As described above, the broadband sleeve antenna using the loading coil according to the present invention is not only applicable to the PCS and the communication device of the IMT-2000 communication band by wideband transmission and reception, but also accommodates the GPS communication band in terms of bandwidth of the antenna. And an additional communication band can be accommodated.

In addition, the simple structure of the antenna can reduce the costs associated with the design and manufacture of the antenna.

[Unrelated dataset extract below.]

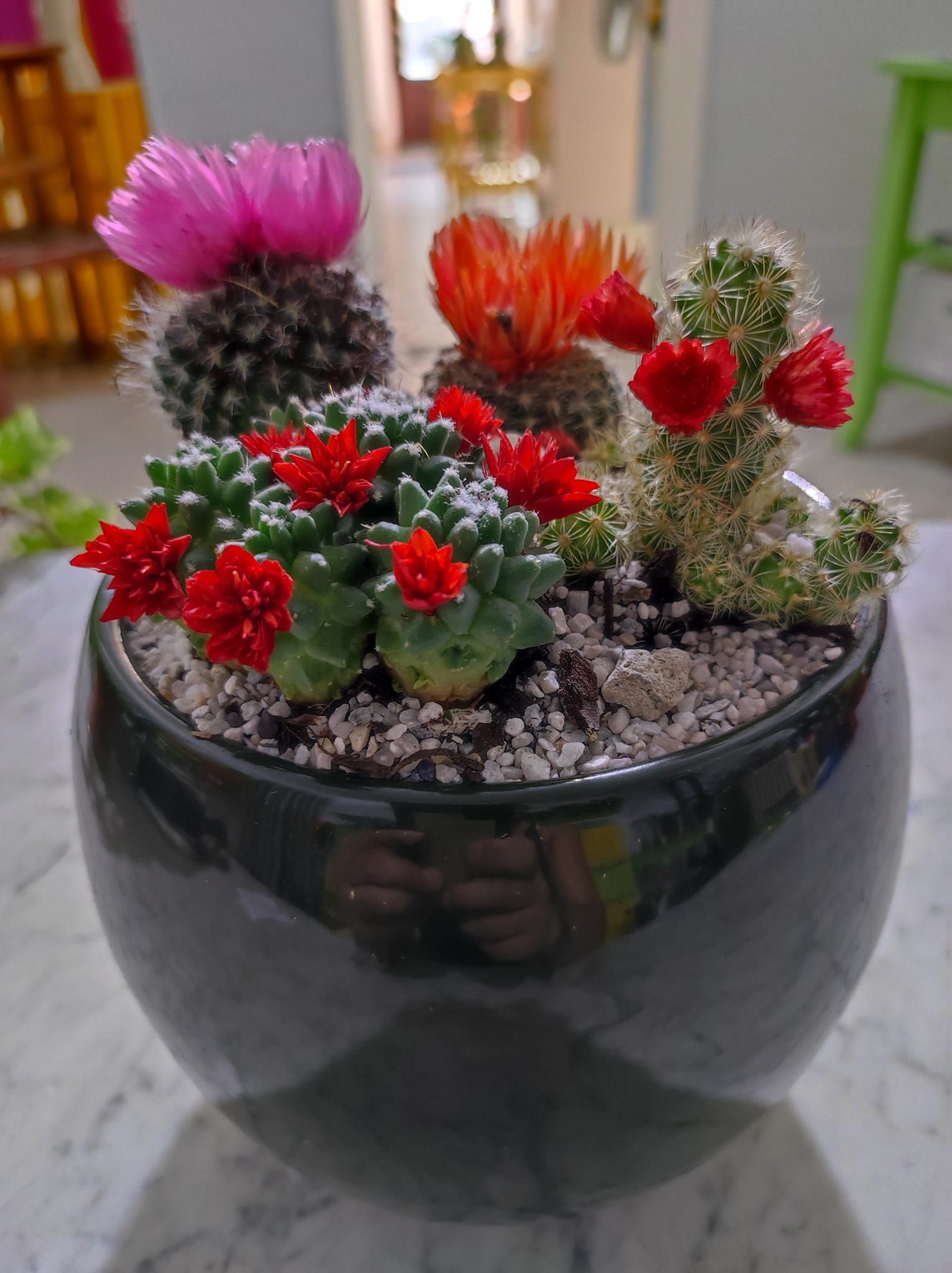 composizioni floreali in vaso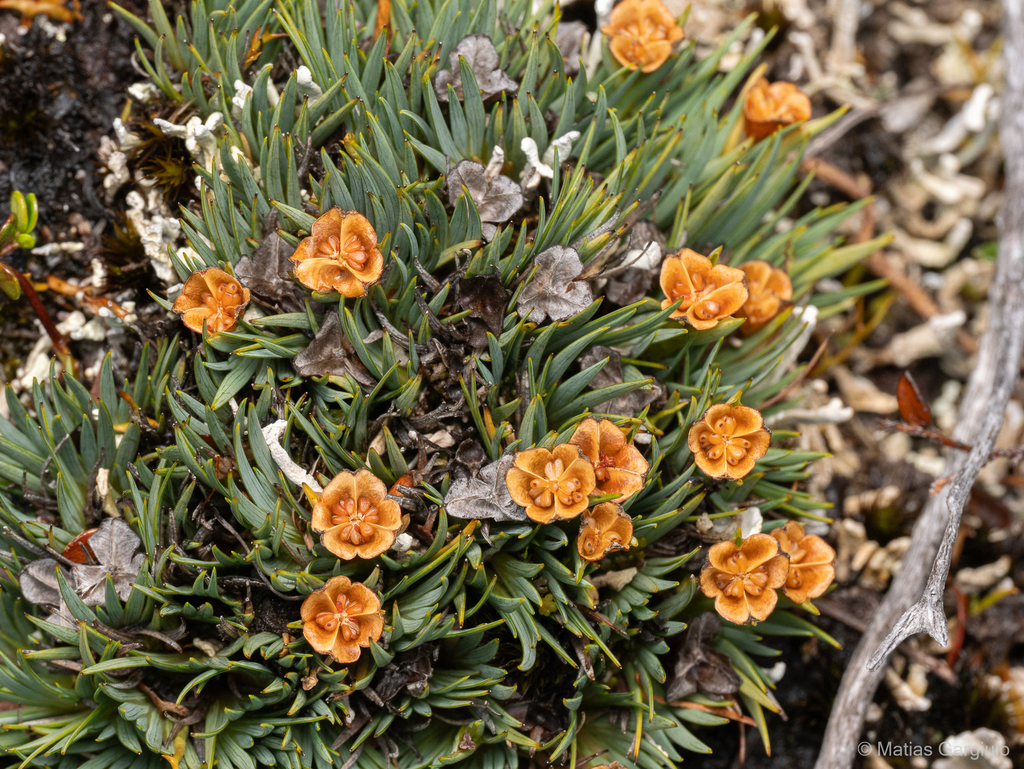 Tapeinia pumila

In addition, since the external structure of the antenna for radiating electromagnetic waves is the same as the conventional sleeve antenna, when installed perpendicular to the ground plane acts as an antenna of the same directing characteristics as the conventional sleeve antenna, and installs a loading coil inside the sleeve And by modifying the structure of the dielectric inside the sleeve to stabilize the broadband and antenna impedance, it is possible to use a communication device in a variety of different frequency bands without installing a separate antenna for each communication band.

Claims (7)

A dielectric core provided with an inner space; A sleeve outer conductor surrounding an outer surface of the dielectric core and connected to an outer conductor of a feed line through a ground plane; A sleeve inner conductor located in the inner space and electrically connecting the inner center conductor of the feeder and the copier; And a loading coil electrically connected in series with the sleeve inner conductor in the inner space. The broadband sleeve antenna of claim 1, wherein first and second sleeve inner conductors are connected to both ends of the loading coil. The broadband sleeve antenna using a loading coil according to claim 1, wherein the dielectric core has a cylindrical shape in which an profile of an inner cross section is formed in an uneven shape. 2. The broadband sleeve antenna of claim 1, wherein another dielectric core and an outer conductor are stacked outside the sleeve outer conductor. The broadband sleeve antenna of claim 1, wherein the copier is divided into two parts and electrically connected to each other via another loading coil. 6. The broadband sleeve antenna of claim 5, wherein the other loading coil is wrapped by a sleeve comprising a different dielectric core and an outer conductor. The broadband sleeve antenna using a loading coil, characterized in that the tubular load is installed on the upper end of the copier.